→ What you should do
In the entries below, find the line with "DOLCE & GABBANA（ドルチェ＆ガッバーナ）DOLCE" and the line with "Fotografia en blanco"; copy them and every line between them exactly, but not the pictures.

→ Source information
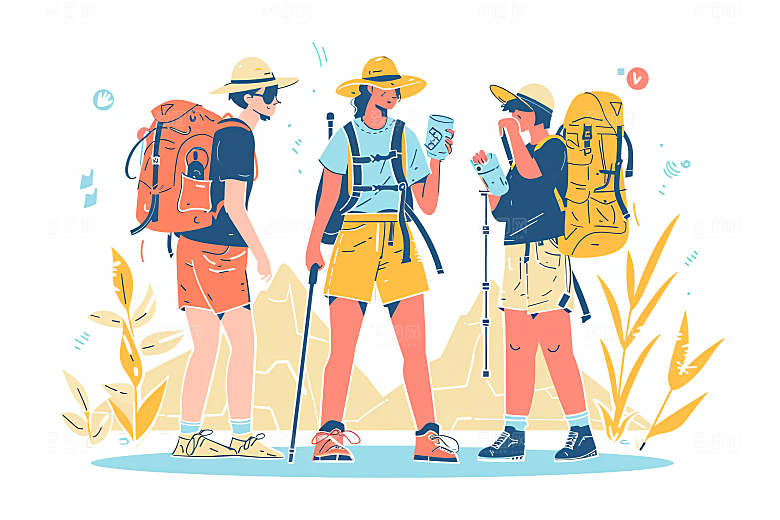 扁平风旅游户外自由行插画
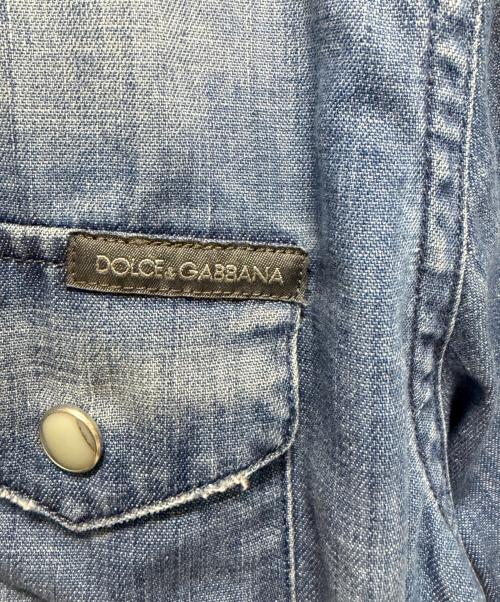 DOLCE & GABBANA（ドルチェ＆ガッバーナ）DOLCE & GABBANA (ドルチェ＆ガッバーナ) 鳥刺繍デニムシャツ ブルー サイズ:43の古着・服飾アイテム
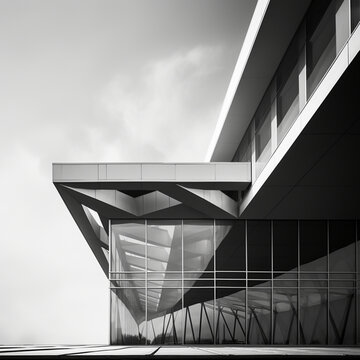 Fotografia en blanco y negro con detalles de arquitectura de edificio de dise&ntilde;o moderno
* * *
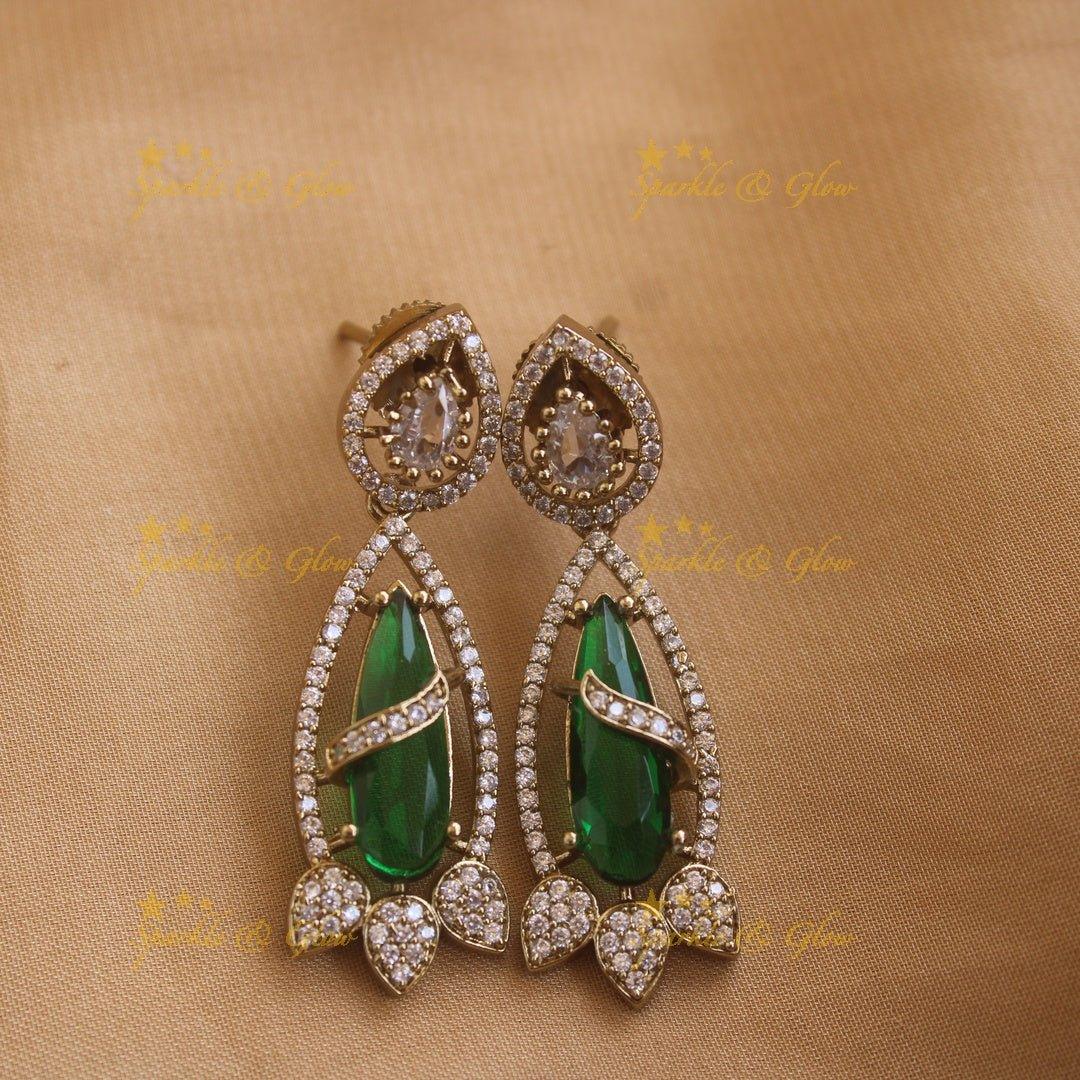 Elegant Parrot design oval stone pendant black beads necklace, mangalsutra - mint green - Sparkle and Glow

→ Exercise output
 DOLCE & GABBANA（ドルチェ＆ガッバーナ）DOLCE & GABBANA (ドルチェ＆ガッバーナ) 鳥刺繍デニムシャツ ブルー サイズ:43の古着・服飾アイテム
 Fotografia en blanco y negro con detalles de arquitectura de edificio de dise&ntilde;o moderno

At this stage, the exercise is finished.